I opened the door and there she was. At last. How long had it been? I never did finish my calculation, the sum of time too large. She looked incredible. My heart tried to shove its way out of my chest. She had cut her hair, the long curly flowing hair that had been her pride for years, into a pixie. It looked fantastic on her. Her enchanting eyes the ones I fell in love with long ago. Her face was more worn than I recall, and she looked tired. But all I saw was my Becky, 20 years old and smiling her goofy smile up at me on the altar.
I wanted to take her into my arms and say how sorry I was and promise her everything would be all right. But I could not make the past all right. I could only influence the future.
She gasped when she saw me. The beard, the eyes I had trained to be hard, the newly defined arms. None of that matched her memories of Father Michael. I tried to read her eyes. I tossed the information into a pie chart. 90% confusion, 9% happiness, and 1% of something I couldn't pin down.
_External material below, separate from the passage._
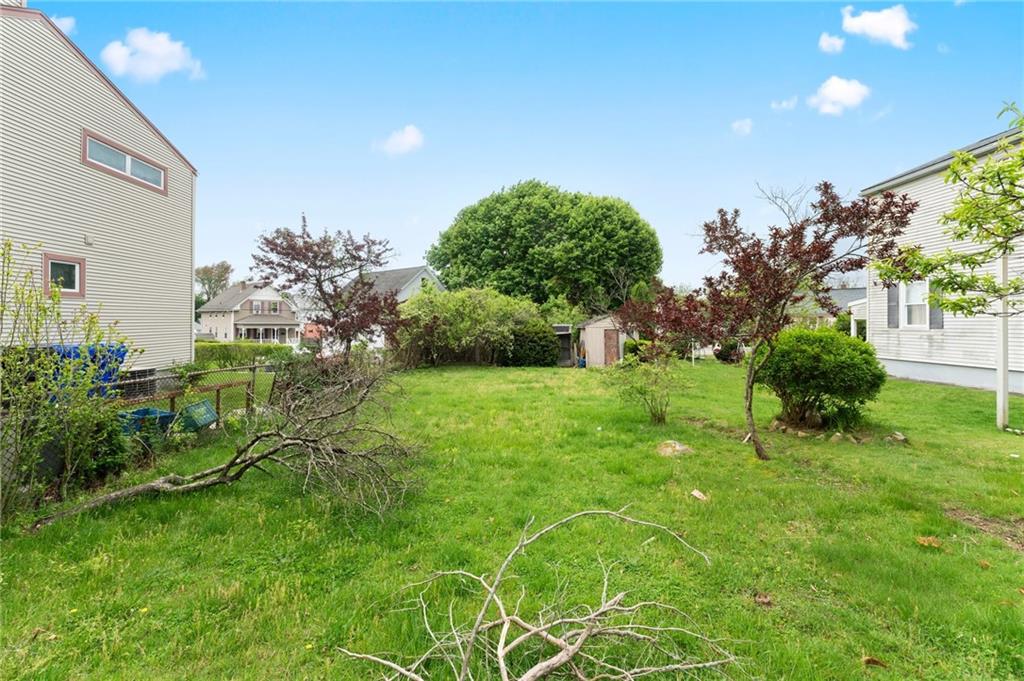 7 Blossom Street Property Photo 25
"Come in," I commanded and stepped back to let her past without taking my eyes, hard and knowing, from hers. I escorted her through the sitting area and near to the bed where she turned and faced me.
She was wearing a red blouse and a long white skirt. Her eyes were shifting over my face, the confusion still dominant. 80% confusion. 18% alarm, 2% that same indefinable.
I loomed over her. She instinctively inched backward until her legs were against the bed.